Posted by rtmsf on January 8th, 2010

Glenn Junkert of Grizzly Journal is the RTC correspondent for the Big Sky Conference.

Standings (records are CONF/ALL/STREAK)

  1. Portland State (2-0/7-7/W2)  Vikings lead the Big Sky in scoring offense at 79.4. Can any team in this defense-oriented league slow them down?   
  2. Northern Colorado (3-1/14-3/W4)   Senior guard Yahosh Bonner leading the Bears with iron-trap defense… usually against each opponent’s top scoring guard.    
  3. Montana State (3-1/8-6/W1)  The Cats are taking care of the ball on offense… and just winning.
  4. Weber State (3-1/9-7/W2)  Sophomore point guard Damian Lillard best in the Big Sky so far.
  5. Eastern Washington (1-1/5-10/W-1)  Speedy frosh guard Glen Dean stepping up as scorer and playmaker for Eagles.   
  6. Montana (1-3/10-6/L2)  Junior 6’11 post Brian Qvale starting to dominate key on both ends of floor (6.1 rebounds per game and 2.0 blocks per game average)   
  7. Northern Arizona (1-3/7-8/L1)  Junior guard Cameron Jones scores 26 in Jacks’ first Big Sky win.  
  8. Sacramento State (1-3/6-10/L3) Sac State junior guard Sultan Toles-Bey making strides at point for Hornets.   
  9. Idaho State (1-3/4-12/L1)  Amorrow Morgan leads conference in minutes played (35.1), carrying Bengals on offense (17.0 per game).


Northern Colorado Bears jumped to 16th in this week’s College Insider Mid Major top 25 poll with 249 votes, up from 23rd last week. The Bears are the lone Big Sky team to receive votes.


HOT — The Montana State Bobcats and the Northern Colorado Bears – at 3-1 and tied for second going into the third week of conference play – can move into a tie for first with home floor sweeps this weekend. The Bears and Bobcats have already notched important road wins and both are poised to build some early separation in the standings.

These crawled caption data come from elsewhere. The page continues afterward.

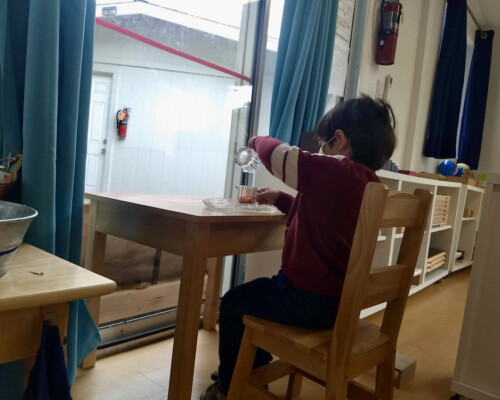 Toddler pouring water into small glass independently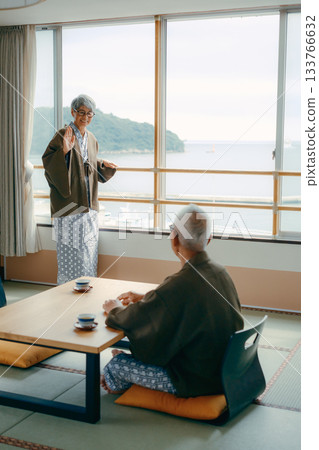 旅店裡的一幕：一位老婦人向窗外揮手，她的丈夫在一旁看著她。 133766632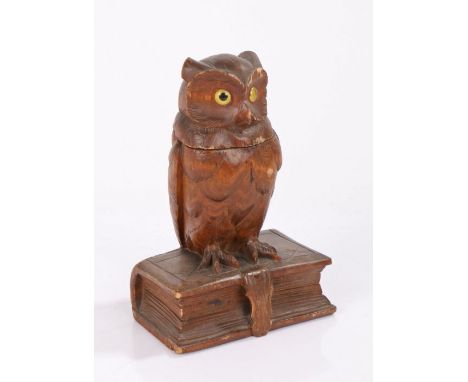 Black Forest style inkwell, modelled as an owl perched on a book, the hinged lid opening to reveal a covered inkwell, 10.5cm 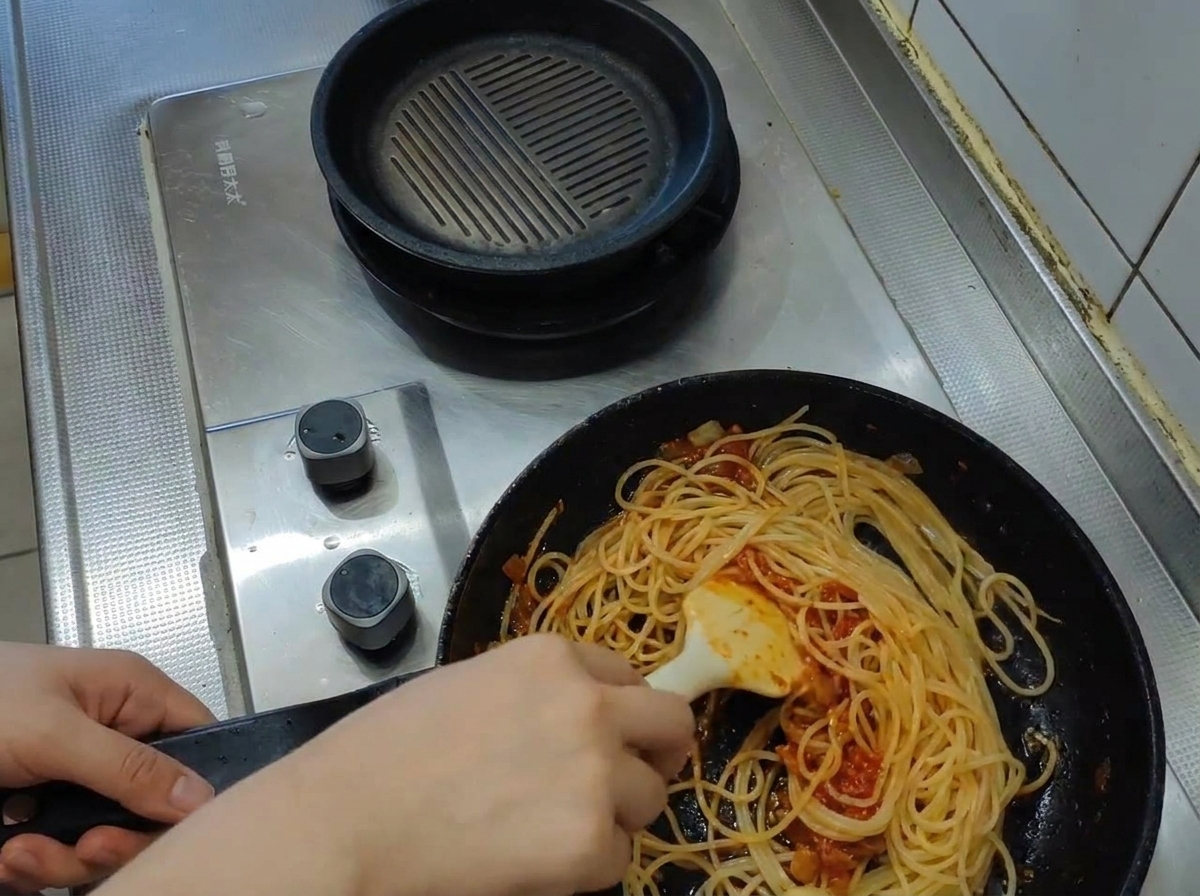 Un cucharón vertiendo agua turbia y hirviendo de la pasta en una sartén llena de espaguetis y salsa de tomate.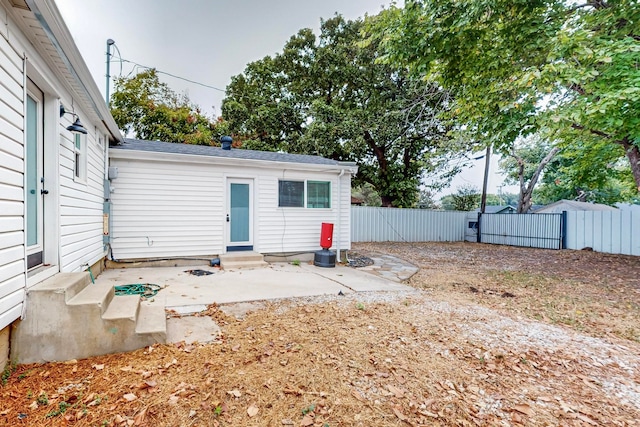 rear view of property featuring a patio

NOT — Already at 1-3 in conference play, the Idaho State Bengals and Montana Grizzlies – both pre-season picks to contend – have each suffered home-court losses and are mired in a four-team bottom-tier throng with Northern Arizona and Sacramento State. What’s worse for Montana: the Bengals’ lone win was a last-second stunner over the Grizzlies in Pocatello. Montana then traveled to Ogden and – after leading through much of the second half – lost in the final minute at Weber State.

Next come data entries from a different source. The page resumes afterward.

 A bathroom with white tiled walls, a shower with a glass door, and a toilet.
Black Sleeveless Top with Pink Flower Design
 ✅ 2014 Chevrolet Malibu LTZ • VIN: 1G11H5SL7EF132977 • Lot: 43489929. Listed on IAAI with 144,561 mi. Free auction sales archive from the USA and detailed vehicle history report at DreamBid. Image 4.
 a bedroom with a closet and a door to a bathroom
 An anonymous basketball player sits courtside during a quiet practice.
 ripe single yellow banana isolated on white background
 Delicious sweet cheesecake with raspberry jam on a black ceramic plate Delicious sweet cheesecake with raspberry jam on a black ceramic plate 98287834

  • The Big Sky’s top scorers are all guards: Damian Lillard (WSU) 19.1; Dominic Waters (PSU) 18.7; Amorrow Morgan (ISU) 17.0; Cameron Jones (NAU) 16.7; Anthony Johnson (UM) 16.4; Will Figures (MSU) 15.9; Devon Beitzel (UNC) 15.4; and Broderick Gilchrest (ISU) 13.9.
  • Northern Colorado’s 136-341 three point field goals is the Big Sky’s best, slightly ahead of Portland State’s 128-309. The Viks shoot a better percentage though (.414 to .399).
  • Not only are the Portland State Vikings the most potent offensive team in the Big Sky, they’re the best shooting team. The Viks, who score at a per-game clip of 79.4, lead the league in three point field goal percentage (see above), field goal percentage (.490) and free throw percentage (.755).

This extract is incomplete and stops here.